Marfeel creates a visual representation of how Googlebot sees your site, based on its structured data. When a user visits a page and triggers an event to Marfeel, the Editorial Crawler crawls the page and detects, extracts, and audits the structured data and extra metadata of the canonical url, such as the title, author, or section it belongs to.
This article lists issues you may find interesting
There might be cases where extracted articles lack editorial information like the title or the author. Instead they show a plain url, such as
https://domain.com/path/to/article in the example below:
There are different situations that can cause the Marfeel Editorial Crawler to fail:
- WAF or Web Application Firewall. The Marfeel Editorial Crawler follows good citizen practices to throttle the number of concurrent requests per site, but if you have a WAF it might block the Marfeel crawlers. Follow these steps to whitelist them.
- URL with a non-existing canonical or without a title or an H1. Marfeel crawls all the information from the informed canonical url. If that fails, then the editorial information won’t be reported correctly.
- Yoast in combination with WPRocket cache plugin in Wordpress. Read more about some known issues with this set up.
- Detection of external sites. If you see domains that you don’t own, you’ll want to review your canonicals strategy.
URLs from external hosts in your reports
There might be cases when using reporting that you see listed hosts and urls that you don’t operate.
There are a few known situations when this can happen:
- When your articles specify a canonical outside of your property
- When users use a reverse proxy
- Shared Google Tag Manager across sites
- Audits on referral pages
- Sites copying your content including Marfeel tracking
By default, Marfeel attributes the traffic to the canonical URL informed on the page. If you are using syndicated content from a third-party site you might have to keep their canonical. On Marfeel all the traffic will be classified under the canonical url and domain, which might be different from your main domain.
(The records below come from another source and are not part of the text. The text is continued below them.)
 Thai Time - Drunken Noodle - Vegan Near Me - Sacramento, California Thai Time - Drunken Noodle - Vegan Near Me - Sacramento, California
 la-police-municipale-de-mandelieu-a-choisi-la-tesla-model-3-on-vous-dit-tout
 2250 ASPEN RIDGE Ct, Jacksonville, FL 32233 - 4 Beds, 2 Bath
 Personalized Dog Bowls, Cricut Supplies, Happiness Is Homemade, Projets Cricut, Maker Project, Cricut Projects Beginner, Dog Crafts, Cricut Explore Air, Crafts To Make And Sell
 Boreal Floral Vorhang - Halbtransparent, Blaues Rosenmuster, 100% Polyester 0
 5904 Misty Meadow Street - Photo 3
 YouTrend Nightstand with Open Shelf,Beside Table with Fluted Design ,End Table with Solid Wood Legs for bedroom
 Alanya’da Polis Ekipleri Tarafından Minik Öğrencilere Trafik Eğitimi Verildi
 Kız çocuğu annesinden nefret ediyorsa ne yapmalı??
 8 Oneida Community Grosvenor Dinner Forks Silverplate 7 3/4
If you want you can change the attribution using mrf:canonical
There are platforms and tools that allow users to browse sites using a reverse proxy. The users consume your site content from sites like
anonymousviewer.org. These sites get a copy of your site and serve it to their readers. Marfeel JS tracks these sessions and respects the canonical they inform which, in lots of cases, is rewritten to the proxied domain.
Shared Google Tag Manager
In case Marfeel is implemented via Google Tag Manager make sure it’s only active on the desired sites. In multi property GTM instances you might deploy the pixel to multiple properties by mistake.
Domains copying your content
If that’s the case get in touch with the Marfeel Support and we’ll try to help providing a list of the URLs generating the hits.
Audits of pages on domains you don’t own
The Marfeel Editorial crawler crawls any url with a real user hit. If it’s under the same domain, It also crawls the referral url to provide
Previous pages information.
URLs discovered by the Editorial crawler are then processed by the Audits crawler.
There are publishers that add the Marfeel pixel only on certain folders or urls that live within the main domain of a different publication. i.e. The marfeel pixel is only present on
domainA.com/folder/article but not on
domainA.com. When a user coming from a page like
domainA.com/any/referral recirculates to
domainA.com/folder/article the Marfeel Editorial Crawler will crawl both the article and
domainA.com/any/referral urls. If any audit triggers on the latter, Marfeel will report the issues too even if the pixel is not present on the referral pages.